BRIEF:
Exactly the lines from the start of the data below through the line that contains "Як зробити лікування каналів зуба" are to be copied, with pictures left out.

● ● ● ● ●

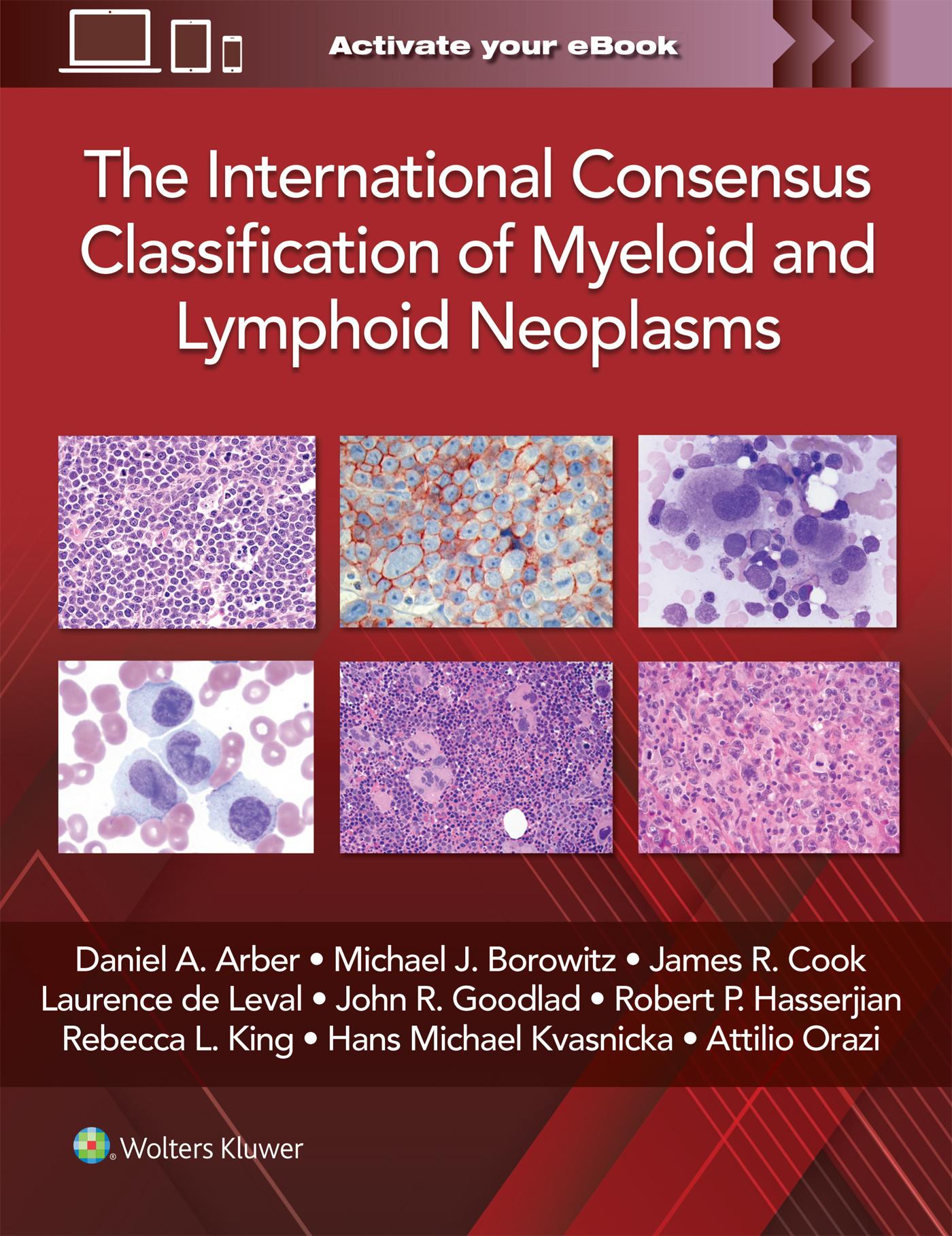 The International Consensus Classification of Myeloid and Lymphoid Neoplasms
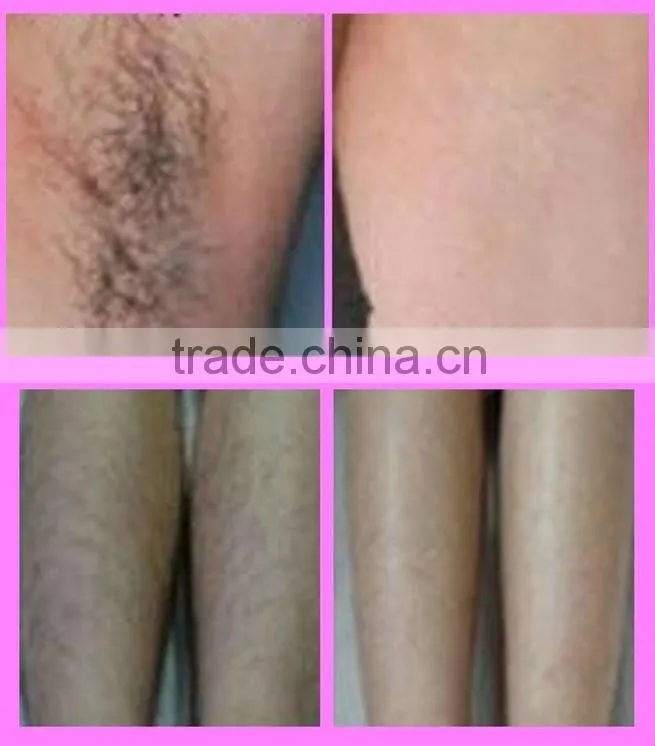 SHR and elight hair removal machine
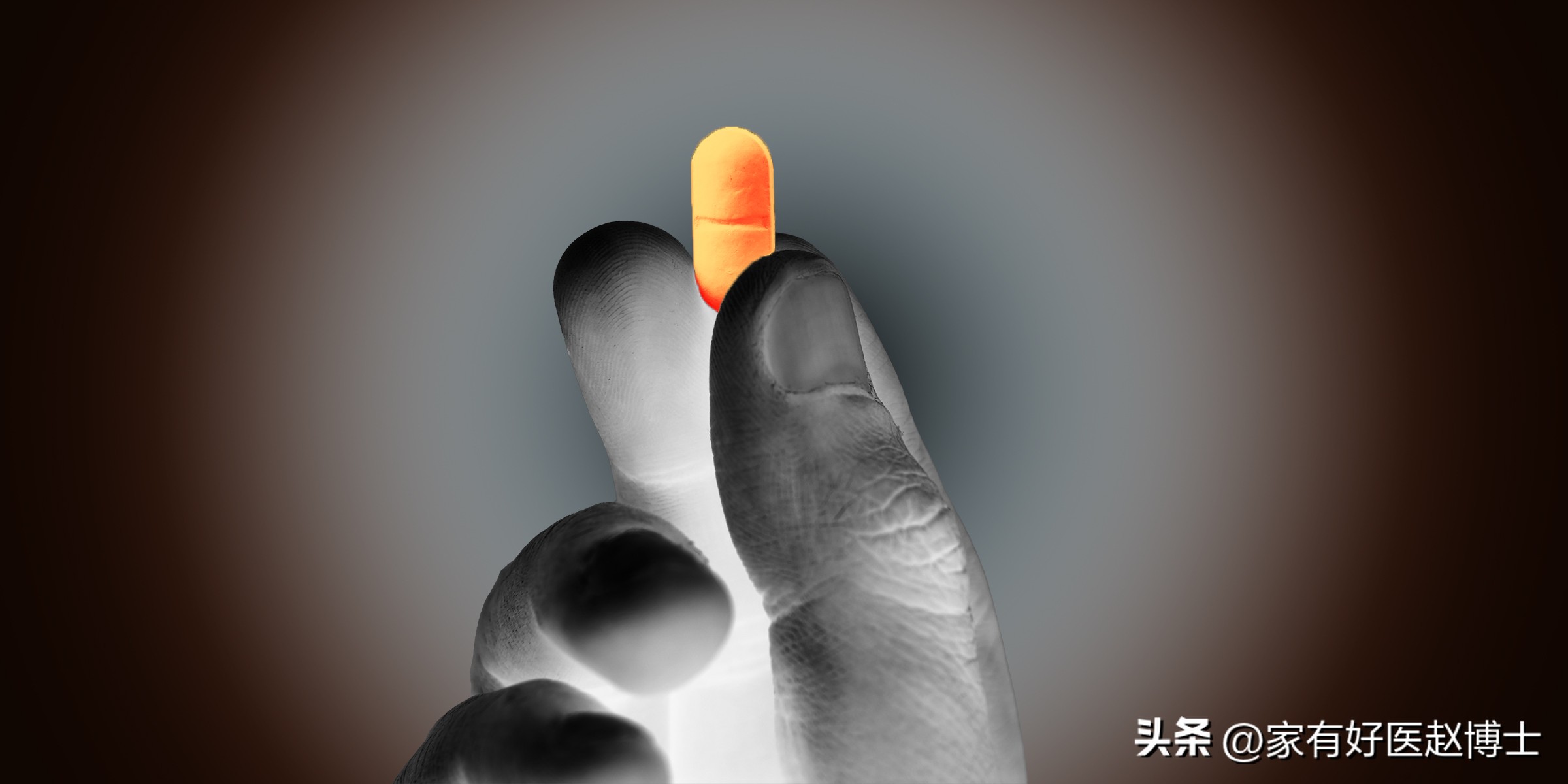 低密度胆固醇ldl偏高需要注意什么,hdl胆固醇偏低是什么意思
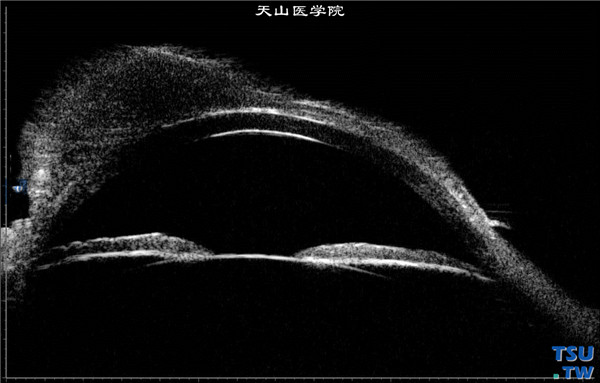 角膜鳞状上皮细胞癌，同一患者，超声生物显微镜检查，可见角膜表面半球形肿物，房角开放可
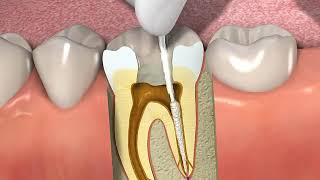 Як зробити лікування каналів зуба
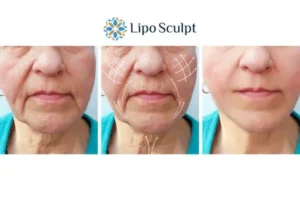 Explaining Morpheus8 And What It Can Do For You 3 Boost your confidence with Morpheus8 Barton-le-Clay call our team today!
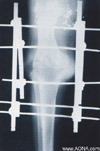 Arthrodeses and Osteotomies with Soft Tissue Problems;  Failures of Total Joints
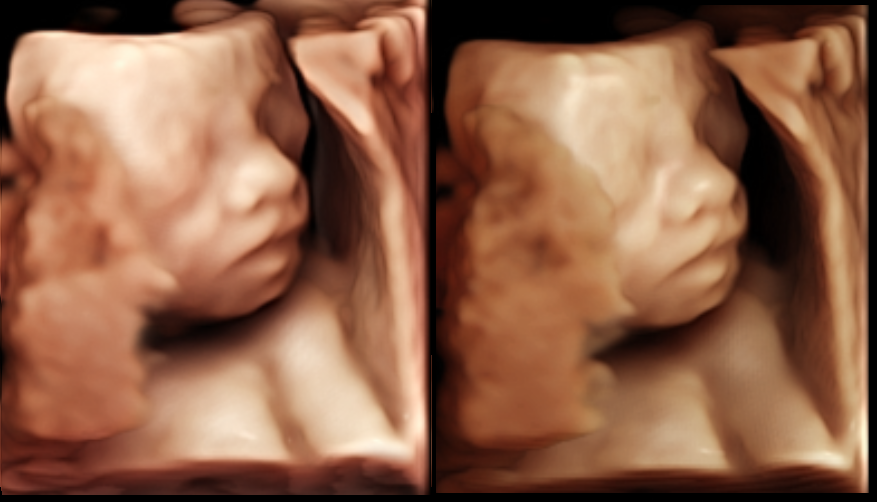4D Gallery image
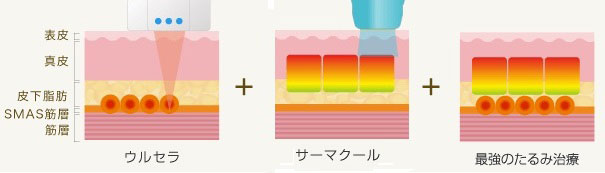 サーマクールとウルセラ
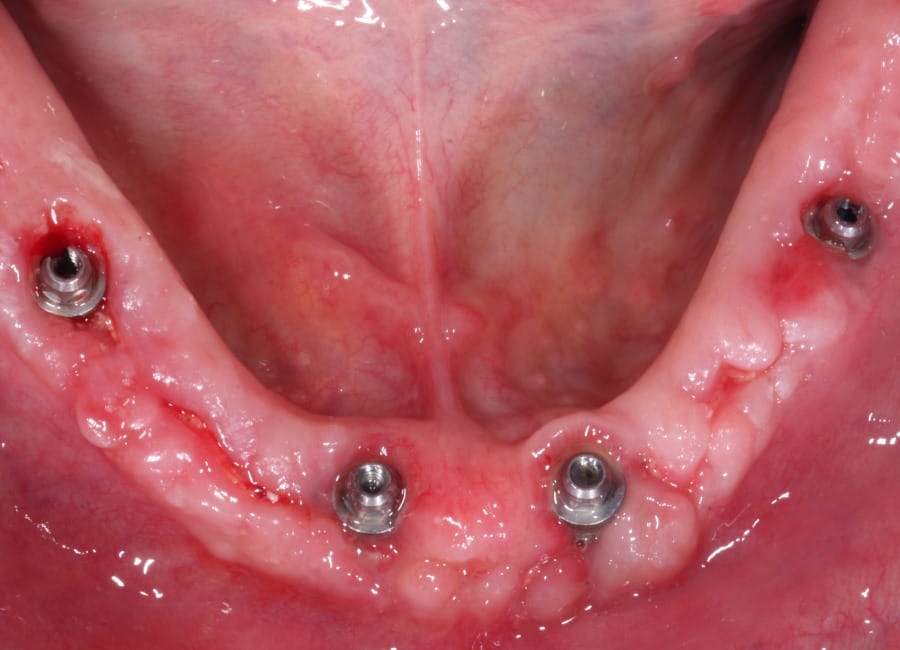 20 Situation three week after operation ready for permanent restoration. upper jawJPG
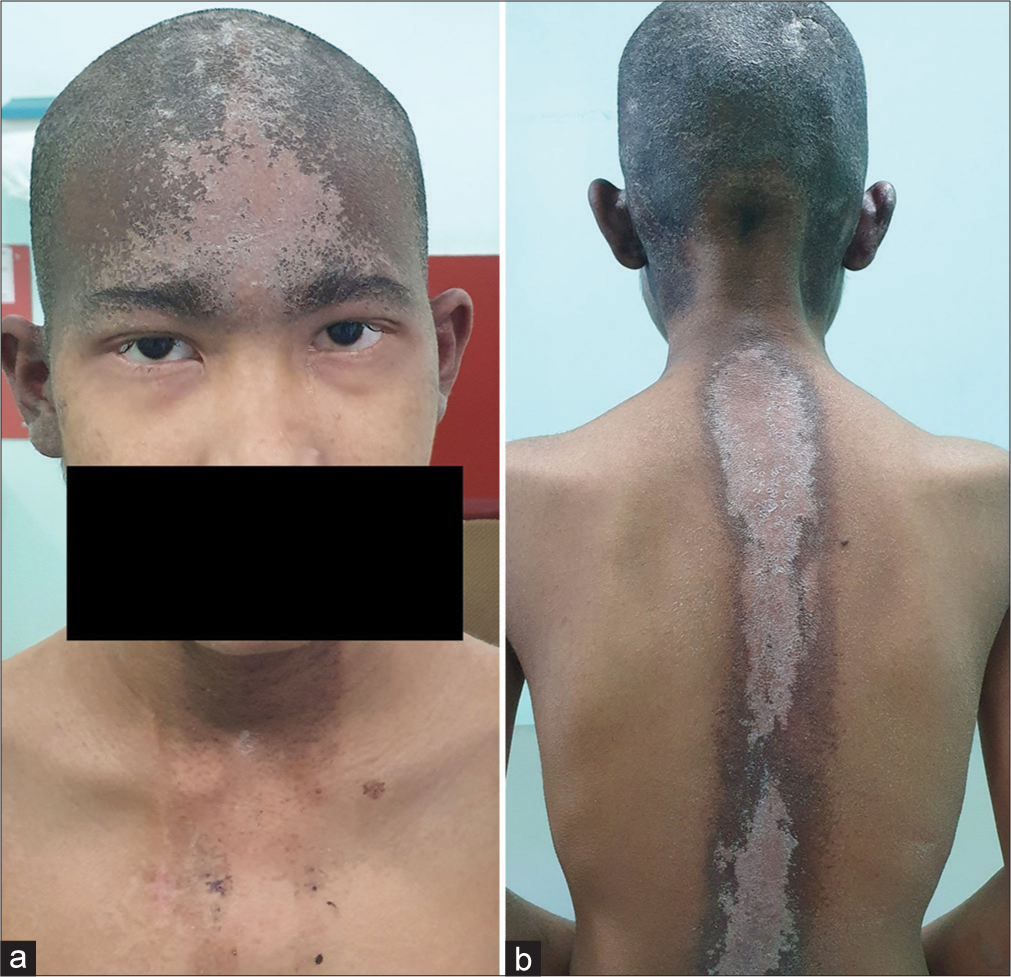 (a) Madarosis in lower eyelids and radiation dermatitis on the head and (b) Dermatitis along the head and spine region which received radiation.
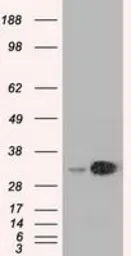 Anti-EMG1 antibody [1B8] used in Western Blot (WB). GTX84576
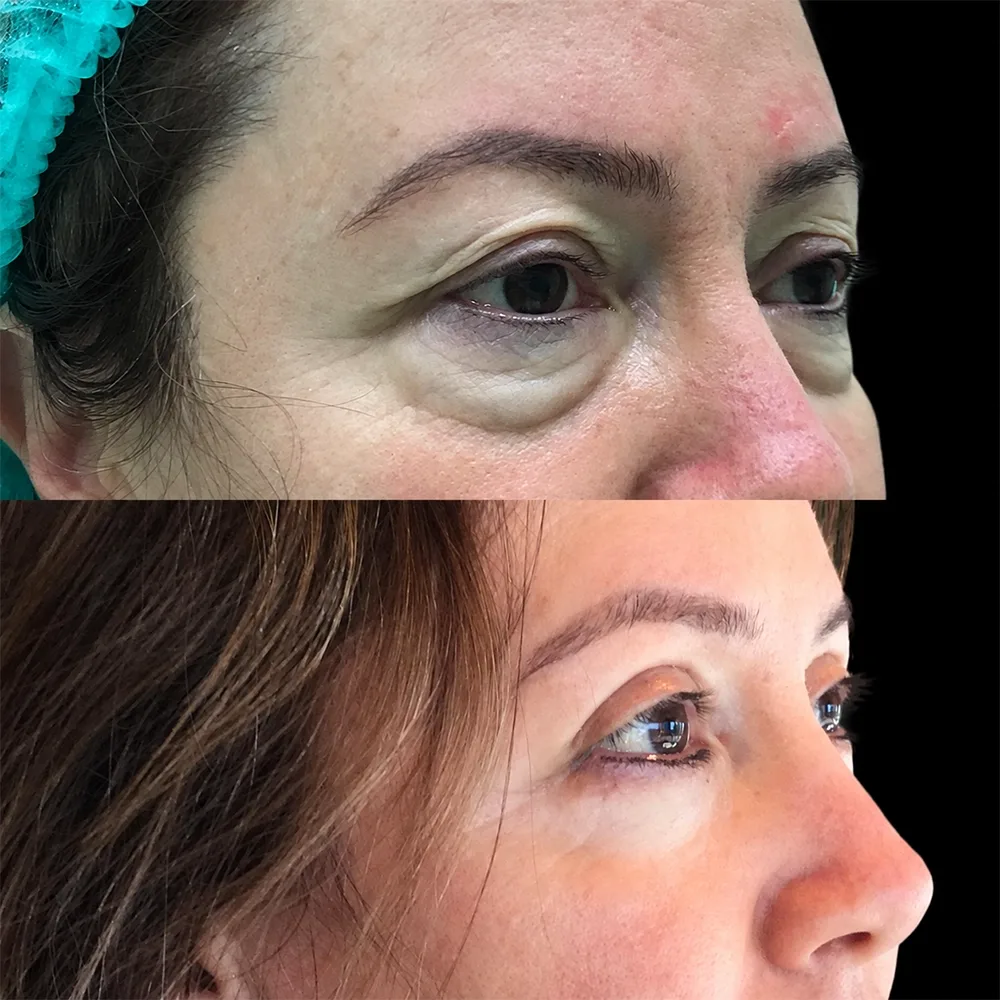 Eyelid surgery, before and after, case 03, side view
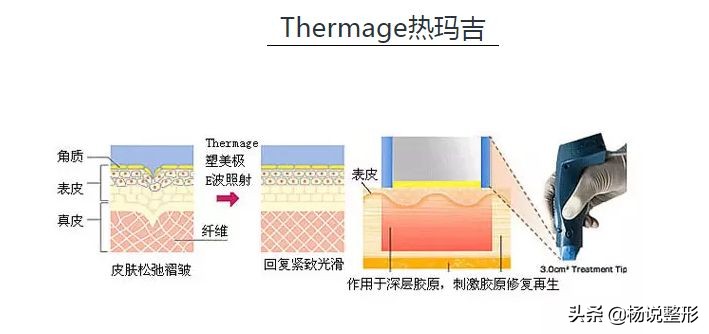 连黄子韬、虞书欣都青睐的热玛吉，到底多少岁才需要去做？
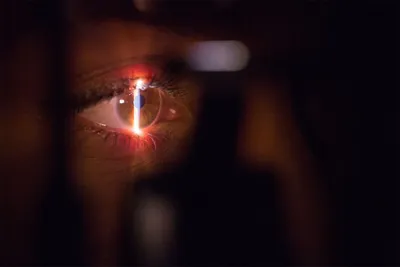 Наталия Турыгина | Офтальмолог | Москва | Лазерная коррекция on Instagram: \" Меланома сосудистой оболочки глаза (хориоидеи) - это самая распространённая  злокачественная опухоль в глазу ❗️ Выявляется примерно у 5-10 человек на  миллион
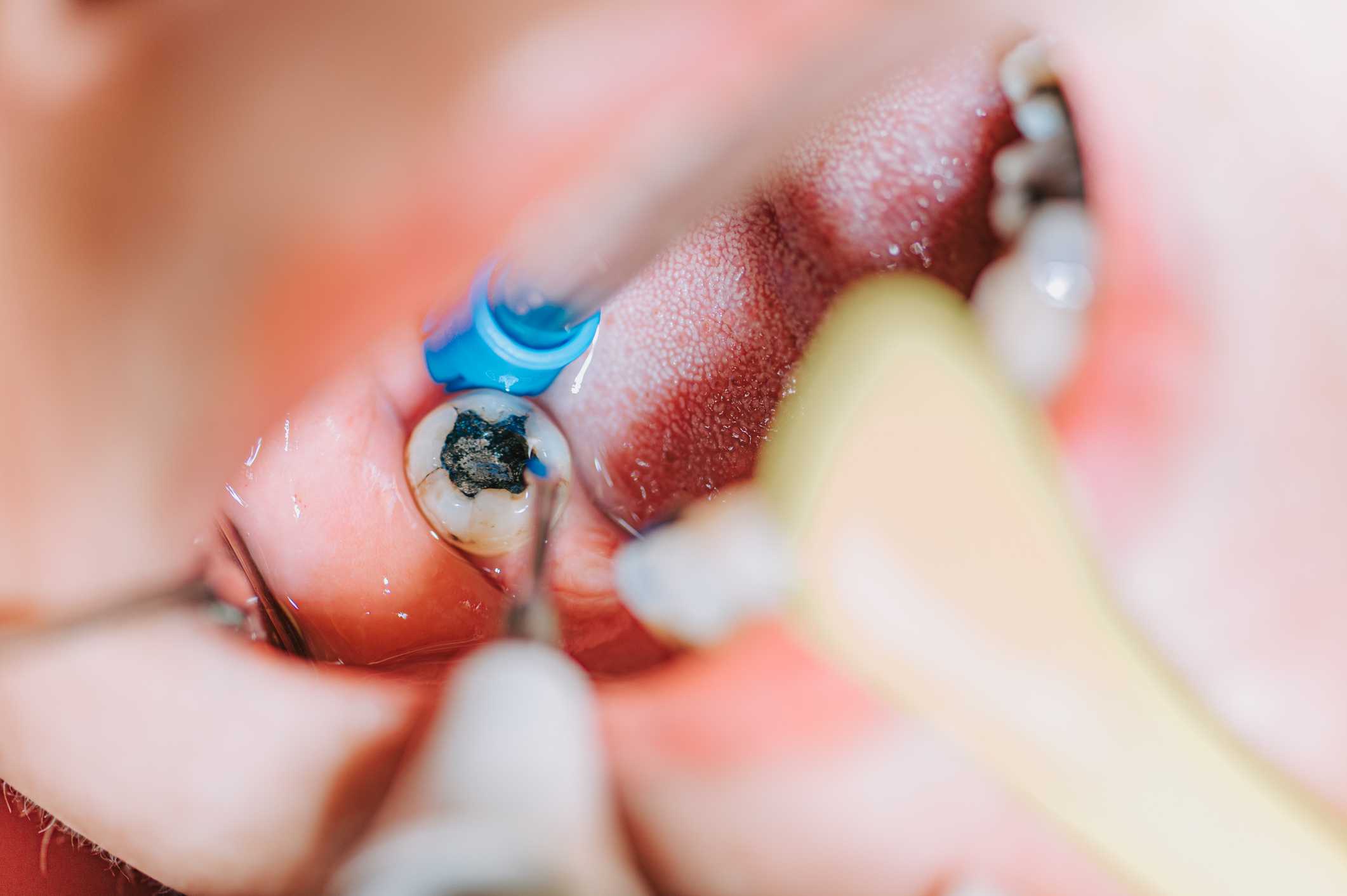 Dental cavity in a molar tooth being cleaned by a dentist in McAllen, TX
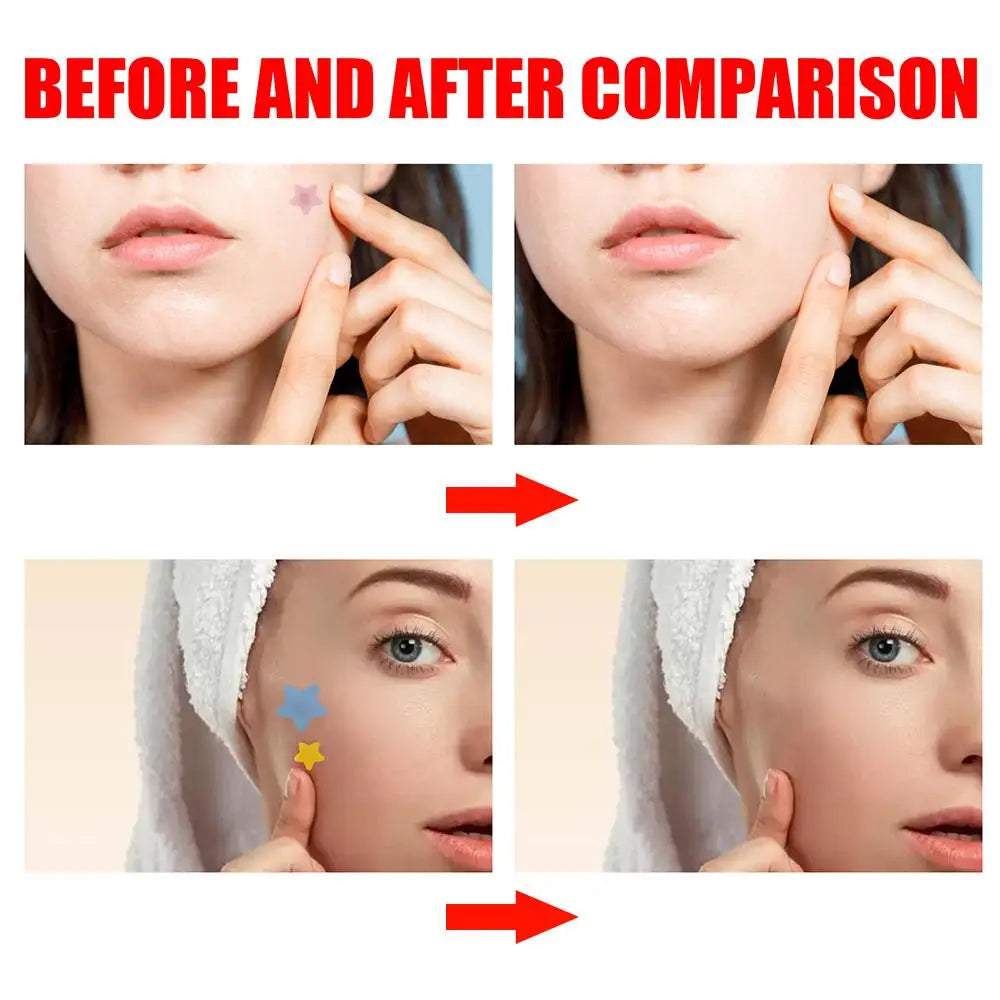 200pcs Colorful Cute Star & Heart Shaped Acne Treatment Stickers – Invisible Pimple Patches for Skincare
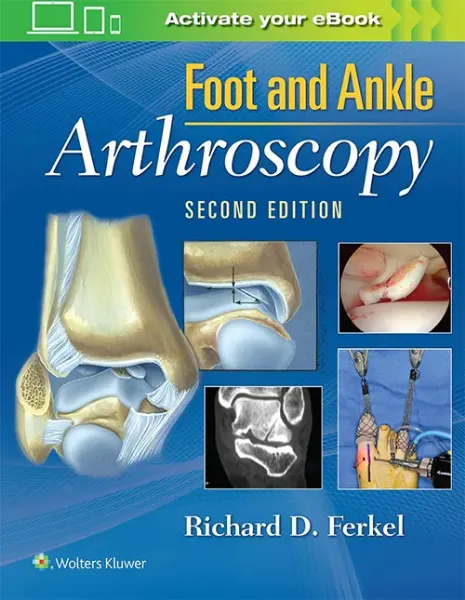 Imagem de Foot & Ankle Arthroscopy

● ● ● ● ●

WORKED SOLUTION:
 The International Consensus Classification of Myeloid and Lymphoid Neoplasms
 SHR and elight hair removal machine
 低密度胆固醇ldl偏高需要注意什么,hdl胆固醇偏低是什么意思
 角膜鳞状上皮细胞癌，同一患者，超声生物显微镜检查，可见角膜表面半球形肿物，房角开放可
 Як зробити лікування каналів зуба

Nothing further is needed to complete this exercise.